MY CALL: Less classy than Fulci’s The Black Cat (1981), but definitely more bonkers, this is yet another Italian adaptation of Edgar Allan Poe’s story. But really, we find basically none of Poe’s work in this movie outside of the lone warning of a black cat. Probably best left for fans of 80s Italian horror for its haphazard storytelling and zany effects. MORE MOVIES LIKE The Black Cat: For more movie adaptations of The Black Cat, go for The Black Cat (1981; Gatto nero), Two Evil Eyes (1990) and Tales from the Darkside: The Movie (1990). Fans of this wacky endeavor would likely enjoy more Fulcian gore in the form of City of the Living Dead (1980; aka Paura nella città dei morti viventi, The Gates of Hell), The Beyond (1981) and The House by the Cemetery (1981), which form Fulci’s Gates of Hell trilogy; and then Zombie (1979) and Demonia (1990).

Director Luigi Cozzi (Contamination, Starcrash, Paganini Horror) just might be taking even more liberties with Edgar Allan Poe’s story than even did Lucio Fulci (The Black Cat, City of the Living Dead, Zombie), which would make this second Italian adaptation of the story even more bonkers than Fulci’s first. This is as haphazard and bonkers as Italian horror comes, complete with occasionally terrible dialogue.

The colorful lighting and windows of the opening sequence cast an Argento-like giallo theme as we find Anne (Florence Guérin; Bad Girls, Bizarre) starring in a production of The Black Cat on her film set. But this film is clearly no passion of Anne’s, since she is so flattered when her husband Marc (Urbano Barberini; Gor I-II, Demons) offers her the lead in his new film. The role is of the witch Levana, the Mother of Tears from Dario Argento’s Suspiria de Profundis. Anne’s Black Cat co-star Nora (Caroline Munro; Maniac, Slaughter High, Don’t Open Till Christmas) desperately wants the role of Levana.

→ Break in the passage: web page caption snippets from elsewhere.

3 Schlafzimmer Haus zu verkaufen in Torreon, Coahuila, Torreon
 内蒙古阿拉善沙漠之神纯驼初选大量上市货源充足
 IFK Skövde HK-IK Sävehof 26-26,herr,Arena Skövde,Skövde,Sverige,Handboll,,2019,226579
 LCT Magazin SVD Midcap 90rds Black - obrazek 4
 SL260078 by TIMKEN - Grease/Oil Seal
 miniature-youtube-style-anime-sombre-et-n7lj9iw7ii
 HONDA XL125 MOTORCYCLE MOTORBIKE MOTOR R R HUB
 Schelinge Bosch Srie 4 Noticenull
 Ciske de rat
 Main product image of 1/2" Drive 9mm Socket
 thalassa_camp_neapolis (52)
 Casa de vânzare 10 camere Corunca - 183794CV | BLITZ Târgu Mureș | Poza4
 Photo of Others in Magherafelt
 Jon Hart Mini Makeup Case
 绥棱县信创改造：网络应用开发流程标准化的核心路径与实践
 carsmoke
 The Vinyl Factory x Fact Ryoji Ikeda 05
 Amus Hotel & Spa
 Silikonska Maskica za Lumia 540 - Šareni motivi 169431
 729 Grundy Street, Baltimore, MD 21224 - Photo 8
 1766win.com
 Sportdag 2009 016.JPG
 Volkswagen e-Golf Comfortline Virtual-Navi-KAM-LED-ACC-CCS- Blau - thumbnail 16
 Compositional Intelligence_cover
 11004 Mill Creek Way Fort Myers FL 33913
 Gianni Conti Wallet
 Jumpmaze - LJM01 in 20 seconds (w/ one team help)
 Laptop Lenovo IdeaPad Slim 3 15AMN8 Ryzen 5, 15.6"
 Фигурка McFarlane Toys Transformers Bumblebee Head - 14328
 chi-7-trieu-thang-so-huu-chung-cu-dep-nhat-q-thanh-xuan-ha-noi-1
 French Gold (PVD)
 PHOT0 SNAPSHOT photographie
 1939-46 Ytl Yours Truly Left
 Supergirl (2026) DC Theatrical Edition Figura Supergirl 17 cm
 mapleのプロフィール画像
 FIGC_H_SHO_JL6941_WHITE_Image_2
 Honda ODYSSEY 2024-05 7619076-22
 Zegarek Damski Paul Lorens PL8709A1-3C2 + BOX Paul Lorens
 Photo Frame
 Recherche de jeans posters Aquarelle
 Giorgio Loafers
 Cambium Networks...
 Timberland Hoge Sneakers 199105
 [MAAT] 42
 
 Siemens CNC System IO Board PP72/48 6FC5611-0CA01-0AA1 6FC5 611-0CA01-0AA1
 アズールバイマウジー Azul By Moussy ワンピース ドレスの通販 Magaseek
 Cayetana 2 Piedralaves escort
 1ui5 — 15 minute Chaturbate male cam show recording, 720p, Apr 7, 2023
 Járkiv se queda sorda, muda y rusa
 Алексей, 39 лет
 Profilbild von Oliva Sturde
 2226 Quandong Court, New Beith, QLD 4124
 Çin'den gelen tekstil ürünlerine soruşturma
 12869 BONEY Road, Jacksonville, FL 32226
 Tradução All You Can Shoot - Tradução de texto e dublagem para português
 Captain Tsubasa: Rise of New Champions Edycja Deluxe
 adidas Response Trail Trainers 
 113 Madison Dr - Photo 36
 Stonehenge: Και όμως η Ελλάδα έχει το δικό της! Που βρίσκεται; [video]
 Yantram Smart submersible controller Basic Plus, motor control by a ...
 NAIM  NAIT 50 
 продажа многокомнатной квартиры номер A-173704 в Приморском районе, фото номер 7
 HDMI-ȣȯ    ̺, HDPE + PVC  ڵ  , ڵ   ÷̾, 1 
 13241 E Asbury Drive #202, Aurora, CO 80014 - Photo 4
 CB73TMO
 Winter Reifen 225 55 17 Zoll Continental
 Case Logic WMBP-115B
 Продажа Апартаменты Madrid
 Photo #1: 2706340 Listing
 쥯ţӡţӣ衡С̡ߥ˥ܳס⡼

From the time Anne learns of her upcoming role of Levana (from 1980’s Inferno), she is haunted by the witch. Levana’s toad-like skin is covered in dense cysts from head to claw, and she spews green goop all over Anne. These nightmares are over-the-top ridiculous, and often when any sort of action or tension transpires it is accompanied by obnoxious mood-killing rock music.

It is at the estate of Marc’s intense film producer Leonard (Brett Halsey; Return of the Fly, Demonia) that we first see a black cat. But really, the black cat scenes are totally phoned-in and offer no substance to this already shoddy movie. There just happens to be a black cat and most of the deaths have nothing to do with a cat. To that point, occult professor Esther (Karina Huff; Voices from Beyond) warns that Levana is the most powerful witch to ever live. She admonishes our filmmakers only to die shortly thereafter in a rather spectacular chunk-spewing abdominal explosion. Among other special effects are writhing insect larvae (rotoscoped into Levana’s stationary face), a television explodes intestines and green slime, and Levana’s gross face and hands.

I feel the strong need to go on record. This is NOT a clever spin on Edgar Allan Poe’s The Black Cat. In fact, it has nothing to do with it. The fact that there is a sentence about black cats and witches using them as vessels does not forgive this most curious yet deliberate misnomer. Because of that, I’m comfortable saying this movie is stupid. I’d place it no better than 4th place among Black Cat movie adaptations, or maybe tied for 3rd with The Black Cat (1981), which also took some liberties but was clearly about a damned cat! Two Evil Eyes (1990) did a more satisfying job of it, whereas Tales from the Darkside: The Movie’s(1990) take on Edgar Allan Poe’s The Black Cat is untouchable in its greatness.

The end of this movie horrendously boring. But truly, fans of zany Italian horror will likely enjoy this. That said, it’s not getting my recommendation. Not when there are three better Black Cat movies.